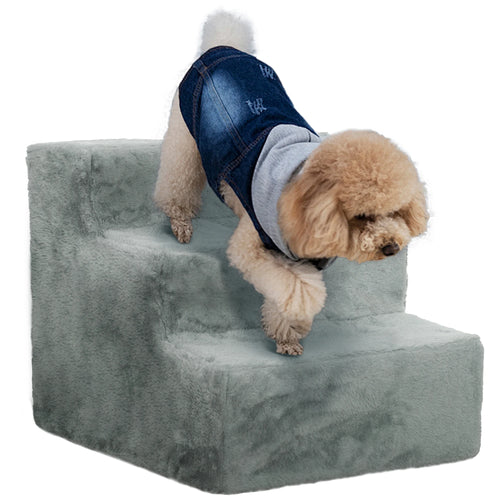 Caniche bajando por la escalera de peluche gris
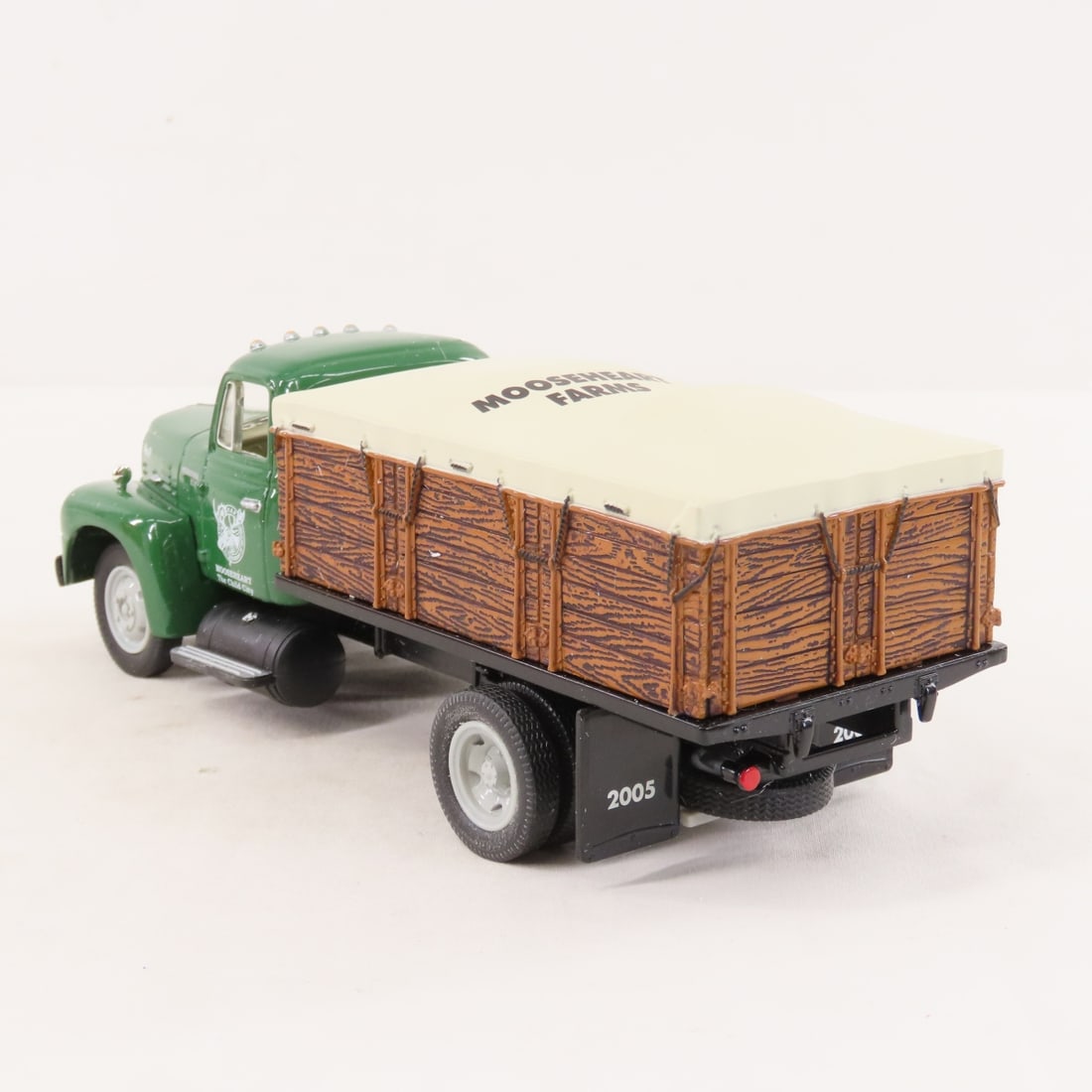 1st Gear Mooseheart 1:34 1957 INTL Grain Truck - 3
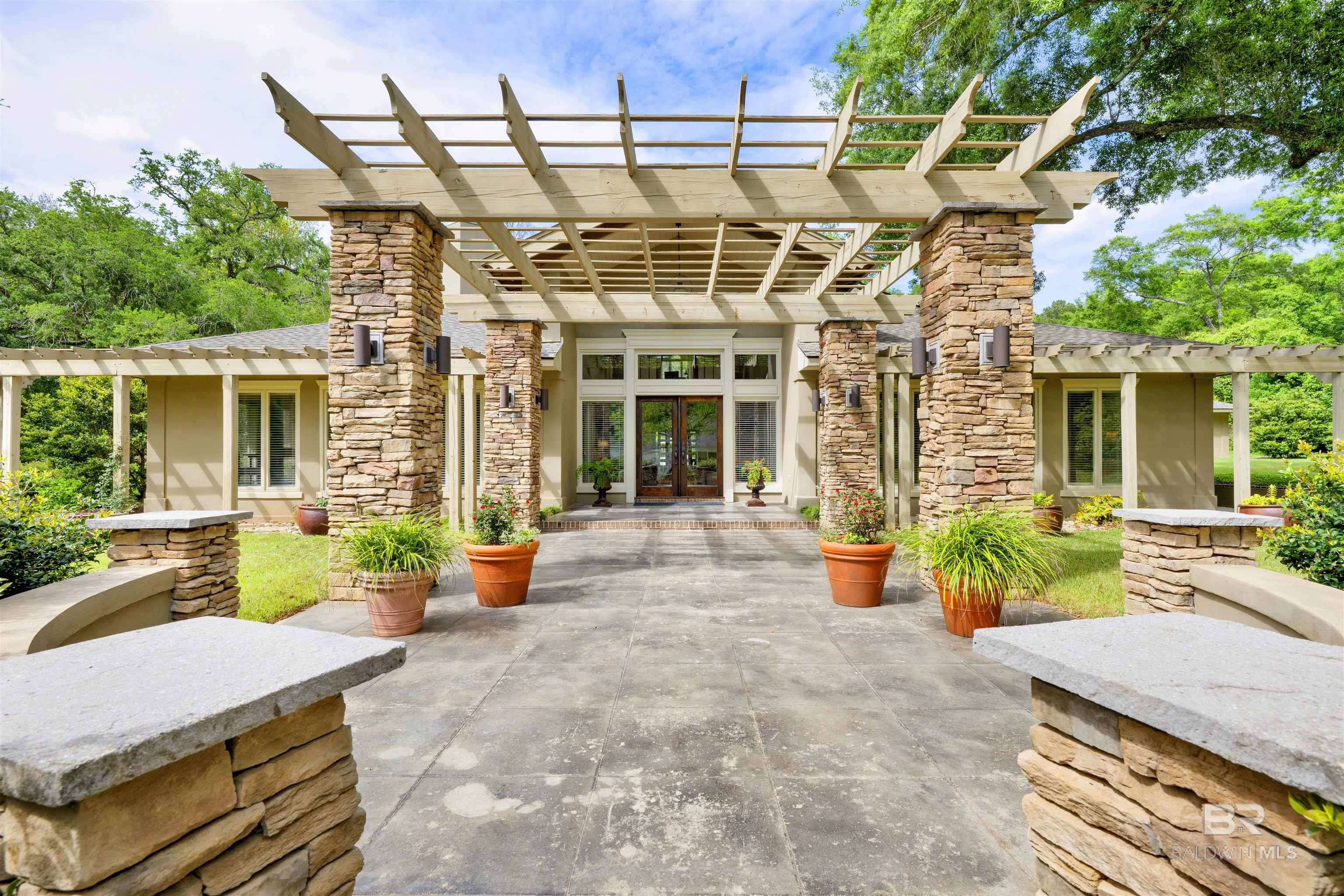 6801 N Winding Brook Drive, Daphne, AL, 36526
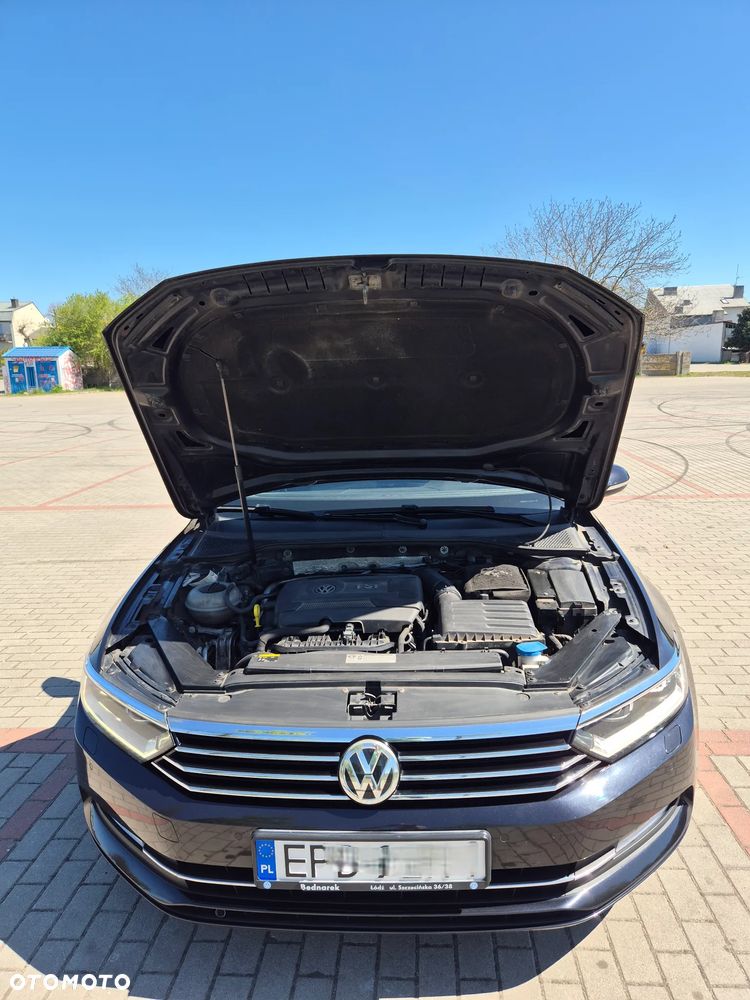 Volkswagen Passat 1.8 TSI BMT Comfortline - 12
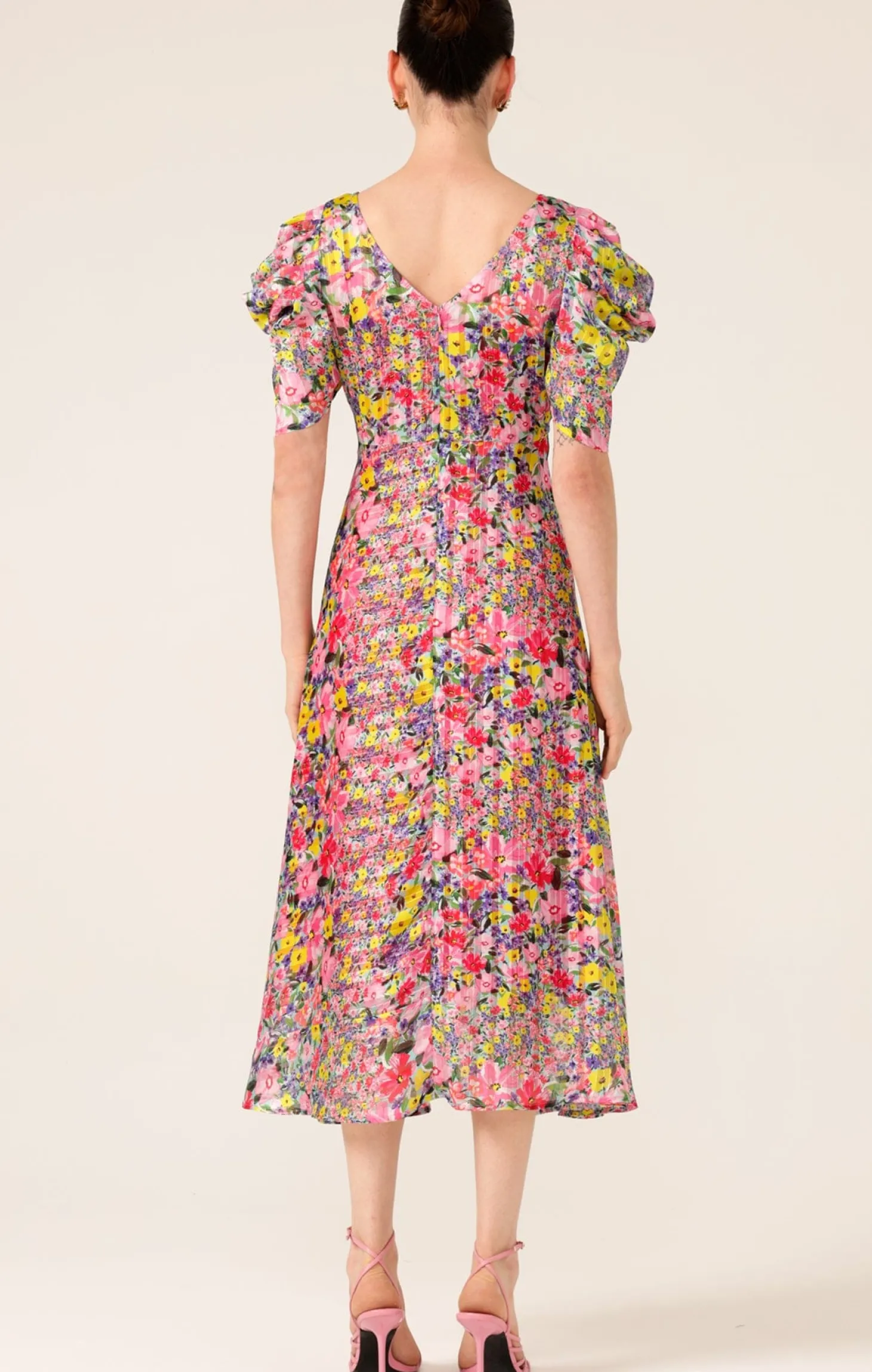 NEW BLOOMS MIDI IN PINK MULTI FLORAL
•••
§ **TASK STATEMENT**
Pictures do not go in the copy. Write out exactly the lines from the line containing "Volkswagen Passat 1.8" through the last line of the listing.

§ **TASK OUTPUT**
 Volkswagen Passat 1.8 TSI BMT Comfortline - 12
 NEW BLOOMS MIDI IN PINK MULTI FLORAL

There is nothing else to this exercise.